3. – Finalmente voi dovete conoscere il senso e il fine della pena. È un argomento che Noi abbiamo trattato ampiamente in precedenti allocuzioni. Senza ripetere ciò che allora abbiamo detto, vorremmo invitarvi a riflettere sul fatto che « Dio punisce », come appare chiaramente dalla rivelazione, dalla storia e dalla vita. Qual è il senso di questo castigo divino? L'Apostolo Paolo lo lascia intendere, quando esclama: « Ciò che uno avrà seminato, quello mieterà » (Gal. 6, 8). L'uomo, che semina la colpa, raccoglie il castigo. Il castigo di Dio è la risposta di Lui ai peccati degli uomini.

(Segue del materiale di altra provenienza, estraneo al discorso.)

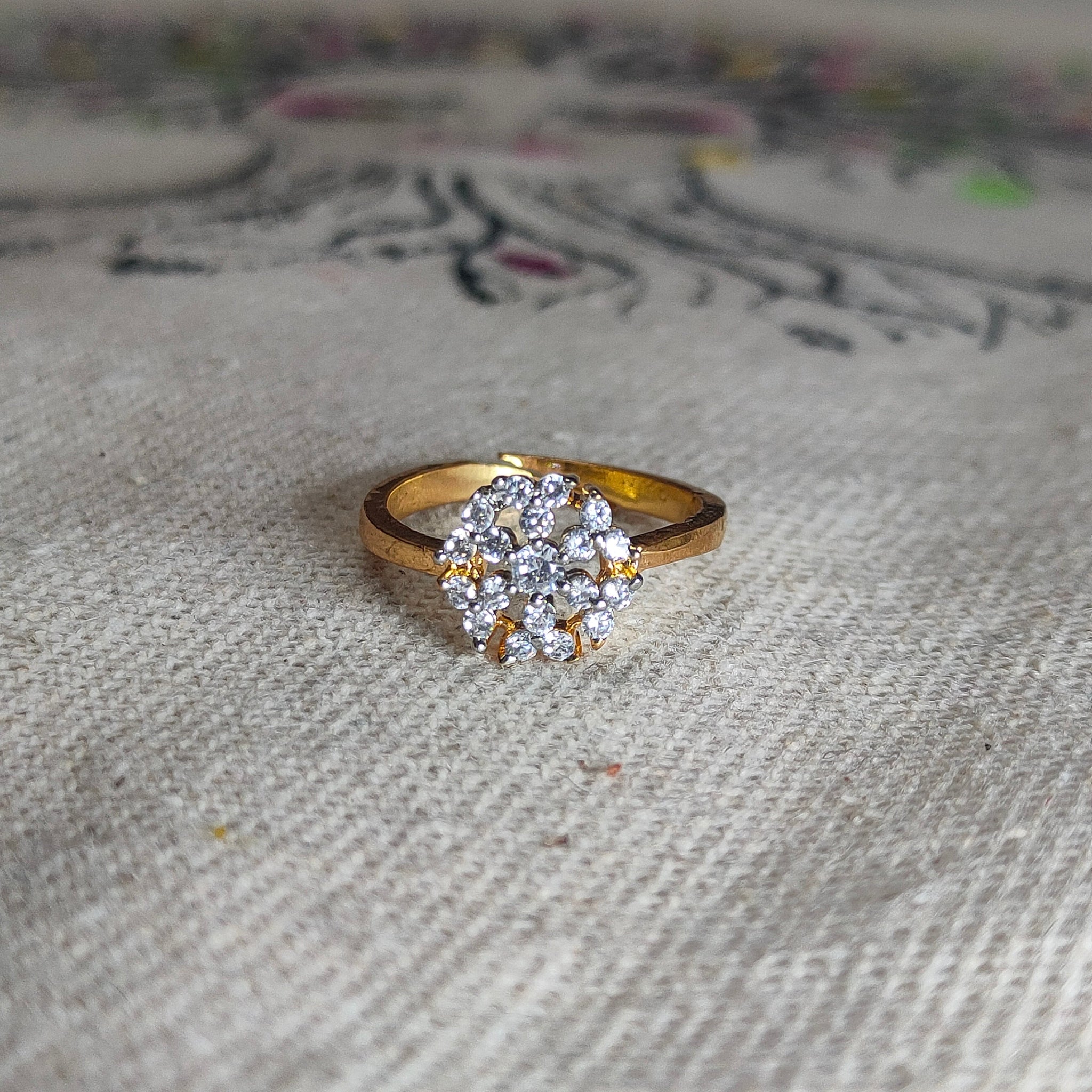 Round Brilliant Cut Natural Diamond Ring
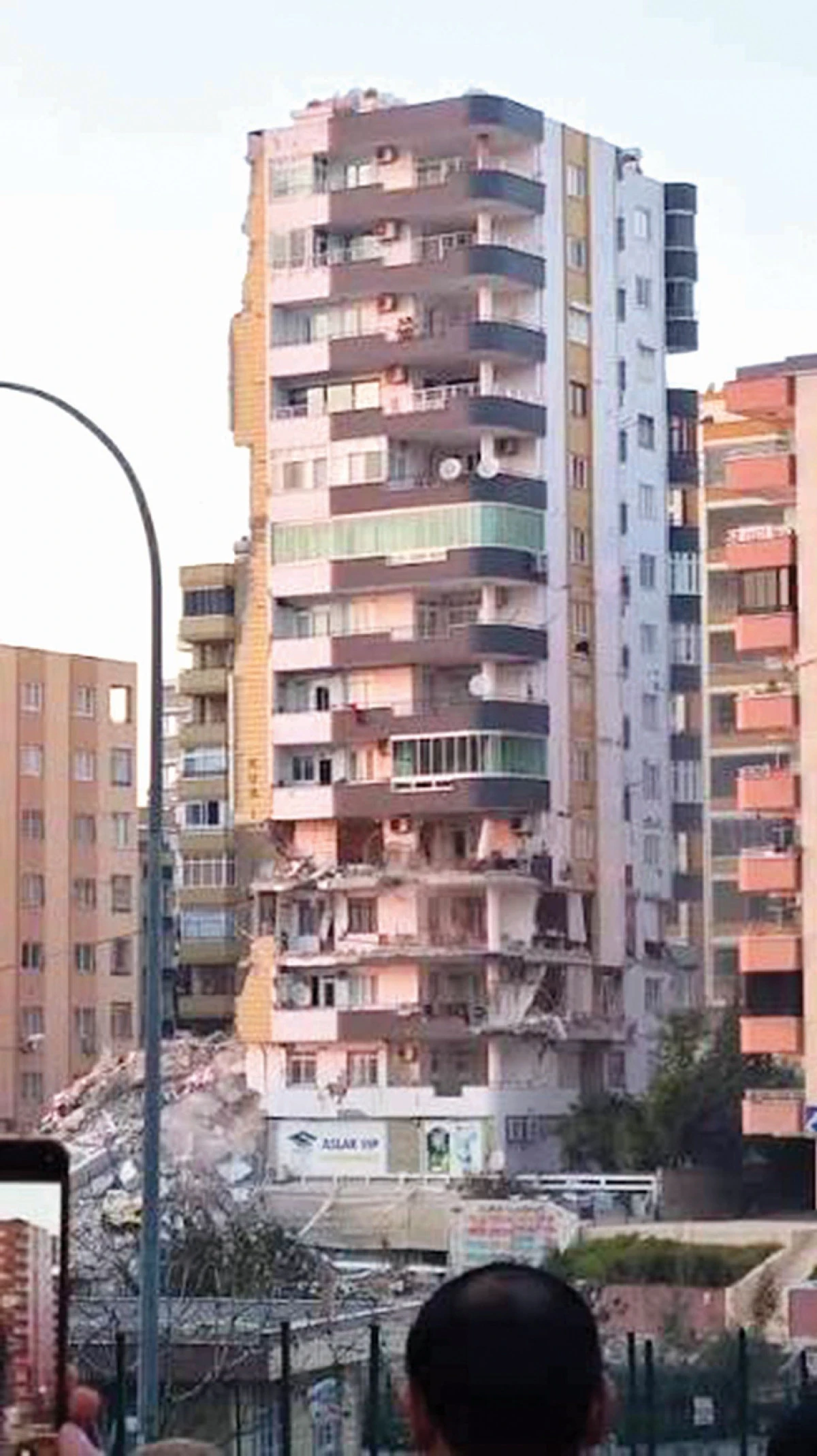 TMMOB Mimarlar Odası Adana Şubesi: Deprem yargılamaları d&ouml;nemin mevzuatına g&ouml;re yapılmalı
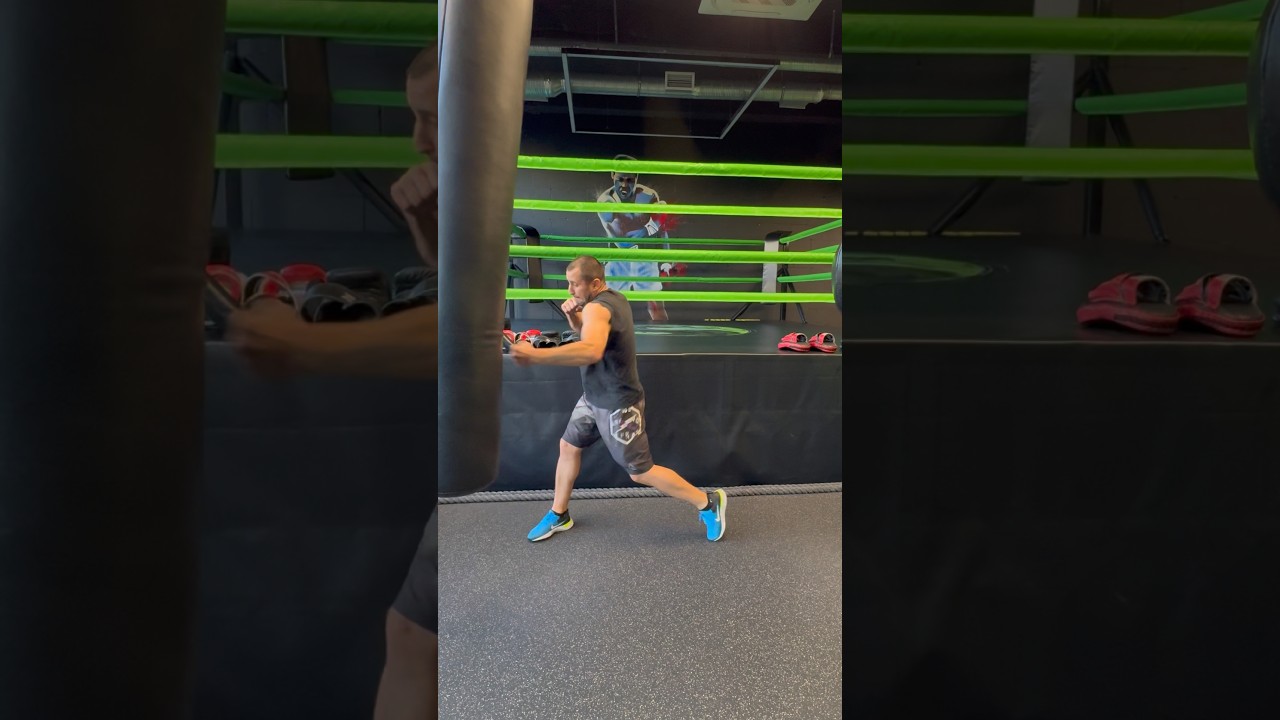 Лучшая комбинация для левши Джеб&rarr;Джеб&rarr;Левый в печень #boxing #motivation #kickboxing #mma #prihod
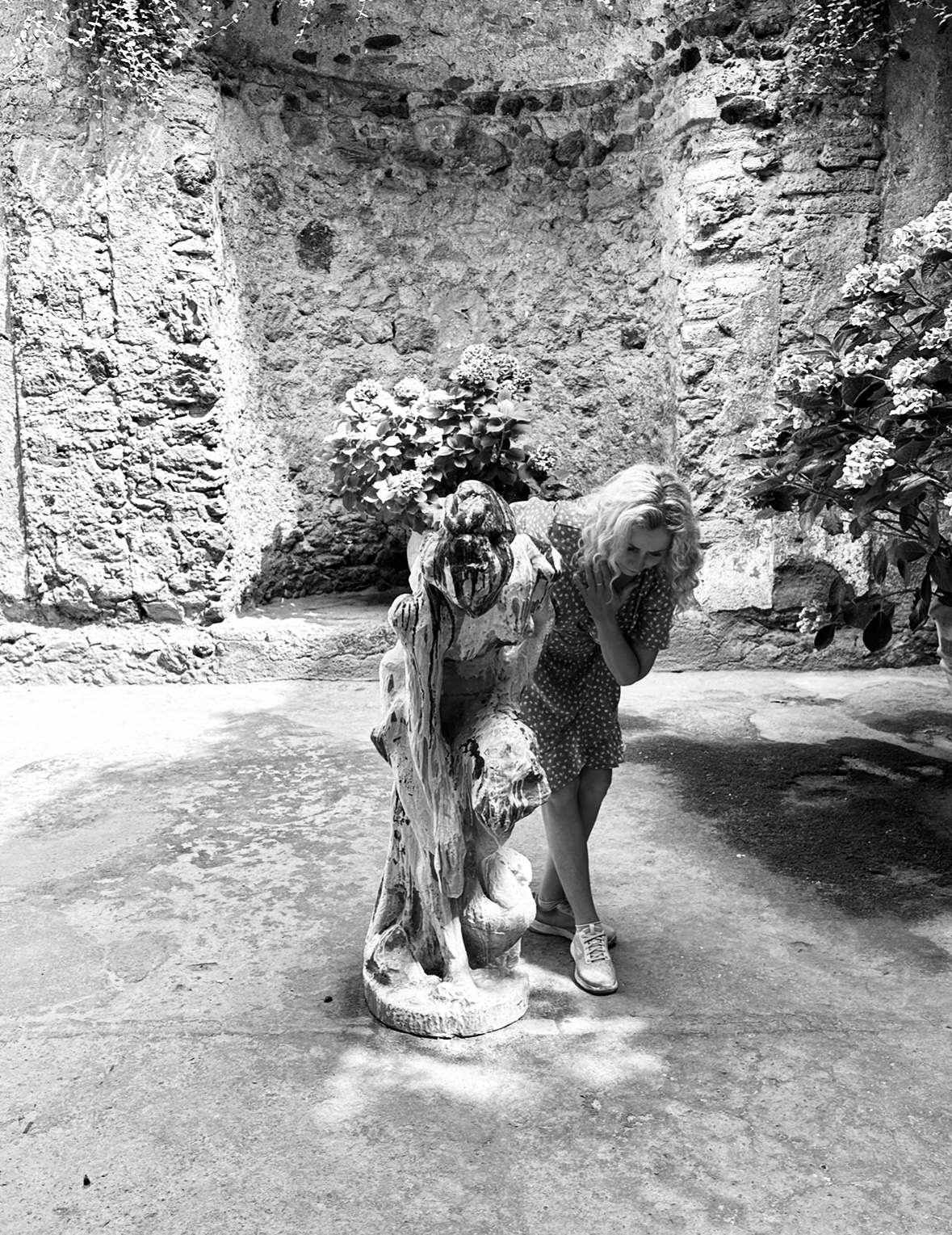 Bilden visar Annette Lefterow i Castello Aragonense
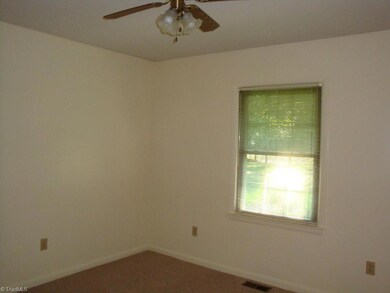 1080 Running Cedar Rd, Asheboro, NC 27205 - photo 6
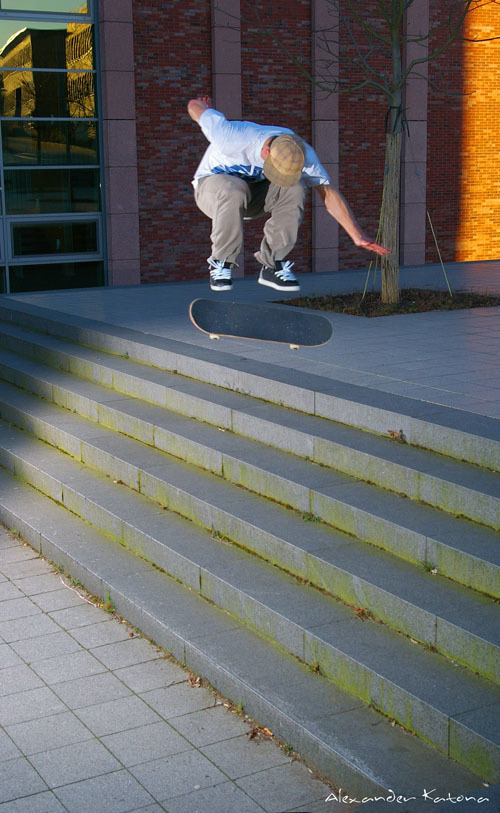 andi-sw_flip_kopie.jpg andi-sw_flip_kopie.jpg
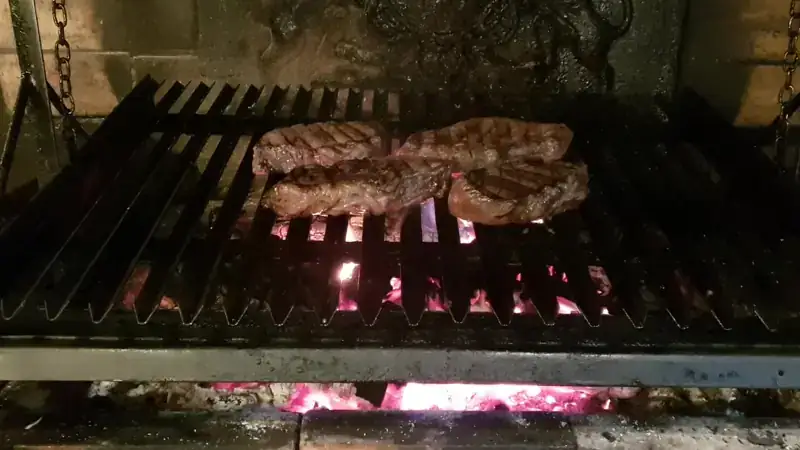 Parrilla — imagen ilustrativa, menú a confirmar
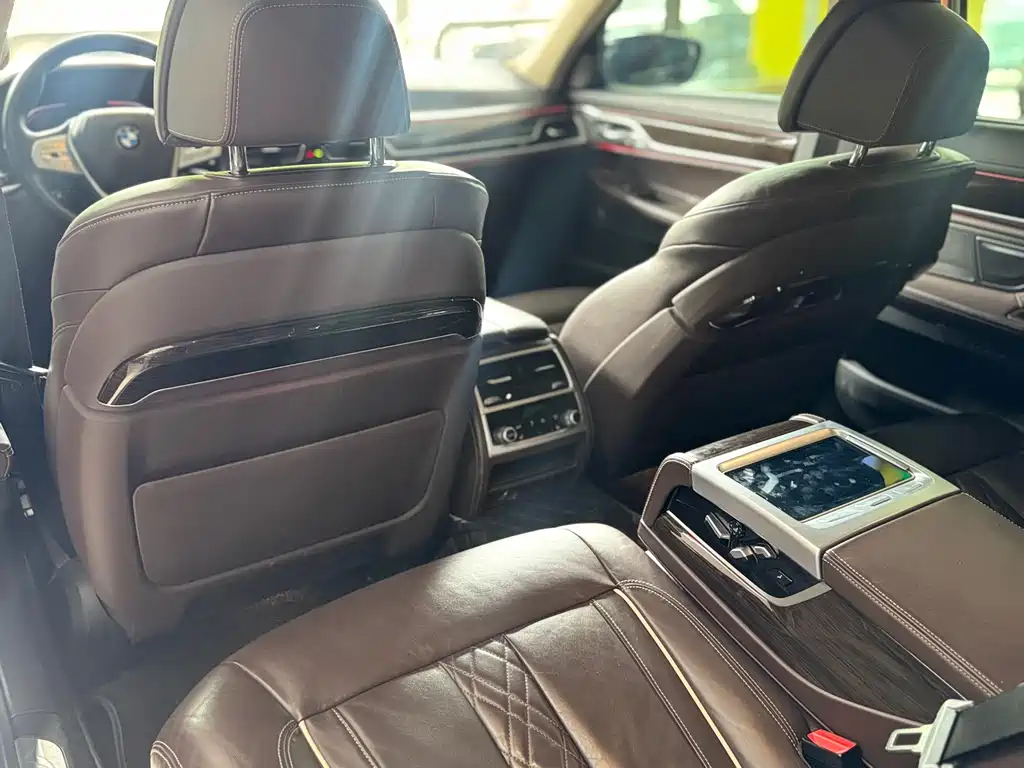 BMW 7 Series 2020 — фото 9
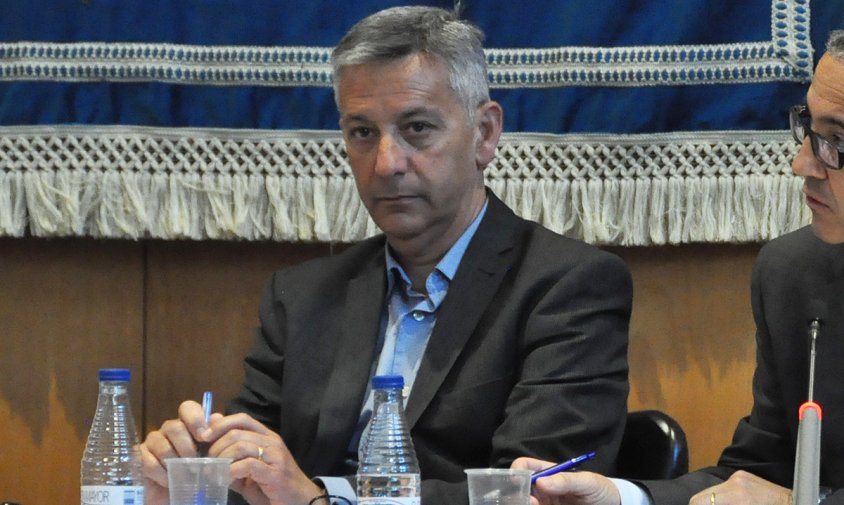 Ramon Llobet en una sessió plenària l'abril de 2013. Va ser regidor d'Hisenda des de juny de 2011 fins juliol de 2014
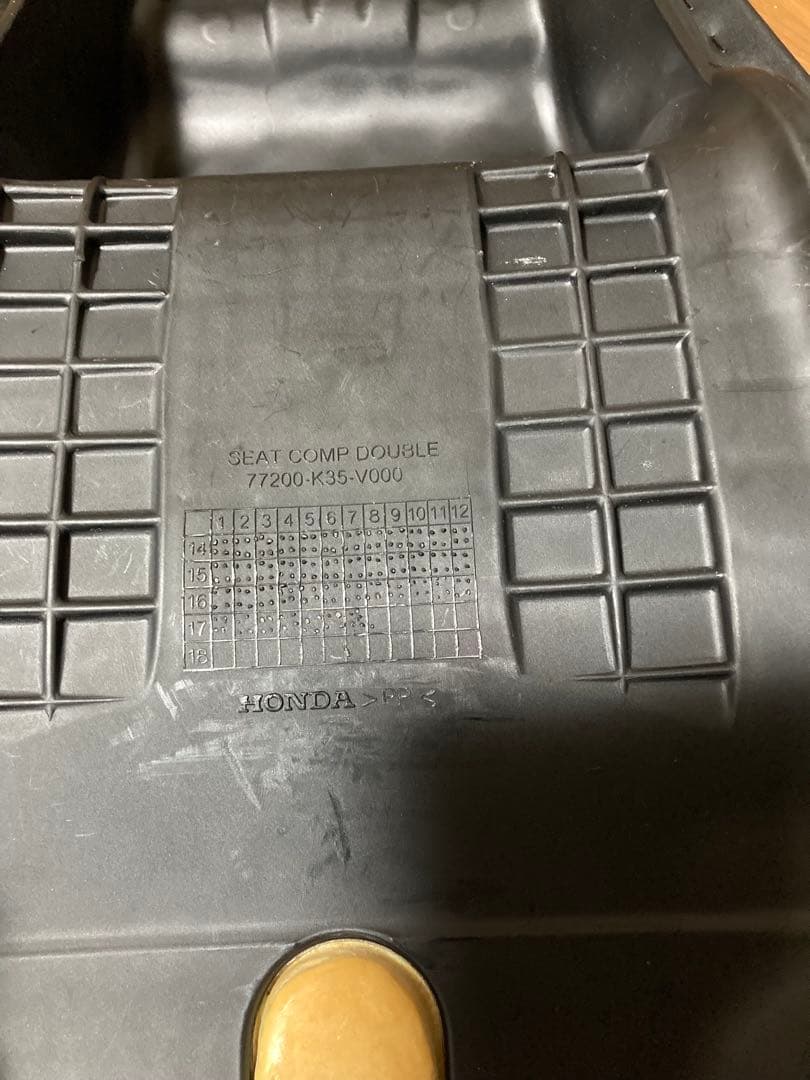 PCX KF18 純正シート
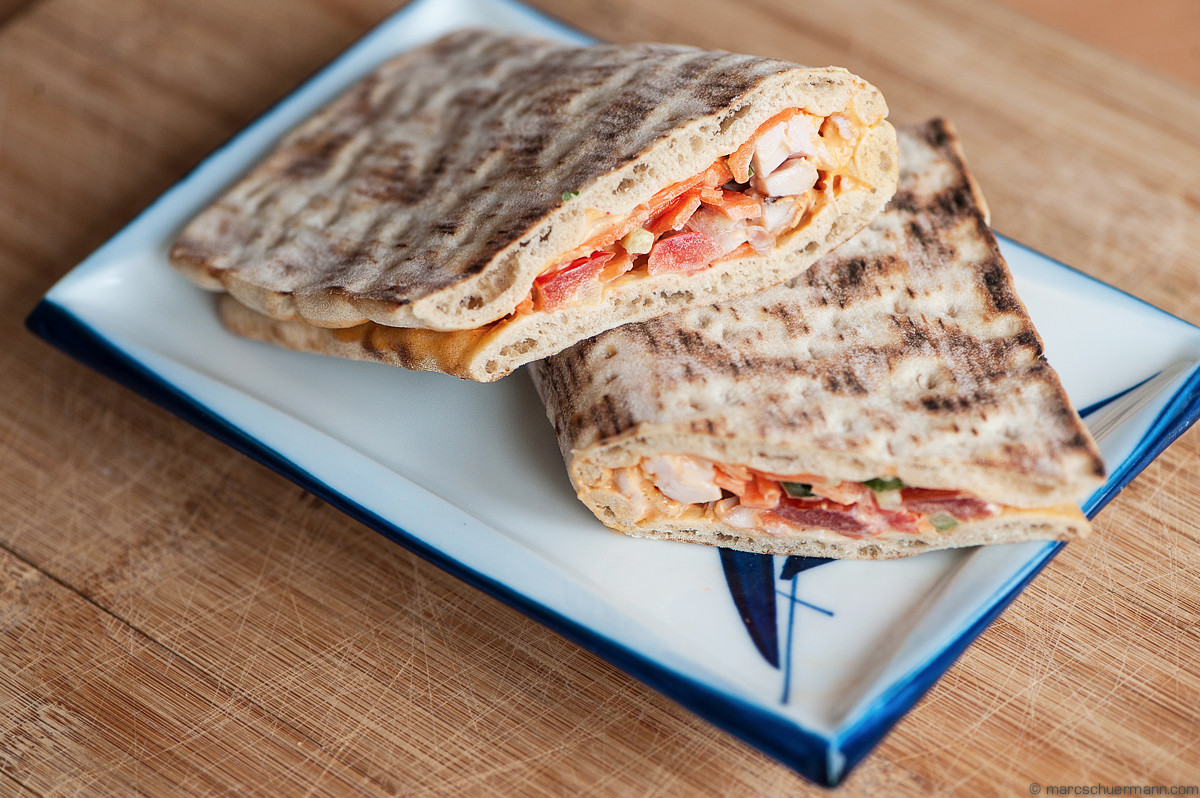 <h5>Polarbrot mit Chicken, Rüebliund scharfer Sauce</h5>
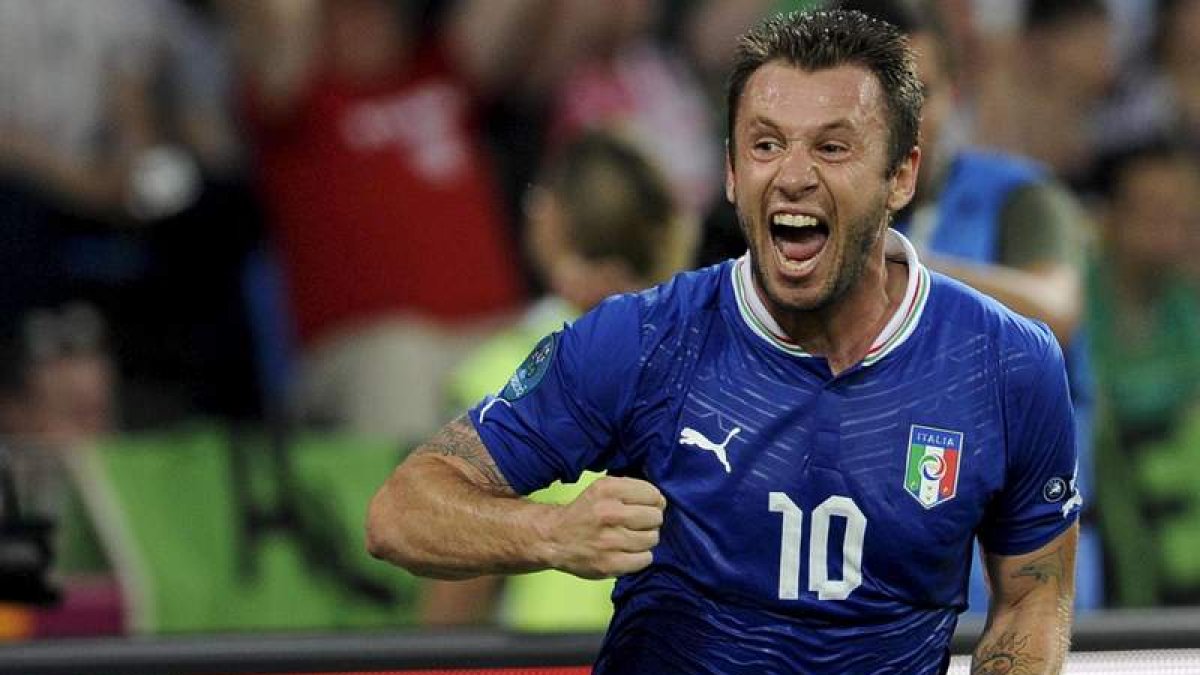 Antonio Cassano lo celebra tras marcar el primer gol de Italia frente a Irlanda.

Voi direte forse che ben conoscete ed accettate gl'insegnamenti della religione e della morale in questa materia, ma che siete costretti a vedere la pena in un'altra luce e dovete discuterla in un altro piano, vale a dire come un provvedimento preso dalla pubblica autorità a riguardo del colpevole, che ha infranto il diritto positivo, per mezzo del quale lo Stato intende di tutelare la ordinata vita sociale. Ed è giusto: l'aspetto giuridico e positivo conserva il suo carattere proprio e distinto da quello religioso e morale. Senza dubbio la pena può essere considerata come una funzione sia del diritto umano che del diritto divino, ma è egualmente, od anche più vero, che l'aspetto giuridico non è mai un concetto puramente astratto, pienamente tagliato da qualunque relazione con l'aspetto morale. Ogni diritto umano, infatti, meritevole di questo nome trova finalmente il suo vero fondamento nel diritto divino; il che non porta seco né diminuzione né limitazione, ma piuttosto un aumento della sua forza e della sua stabilità.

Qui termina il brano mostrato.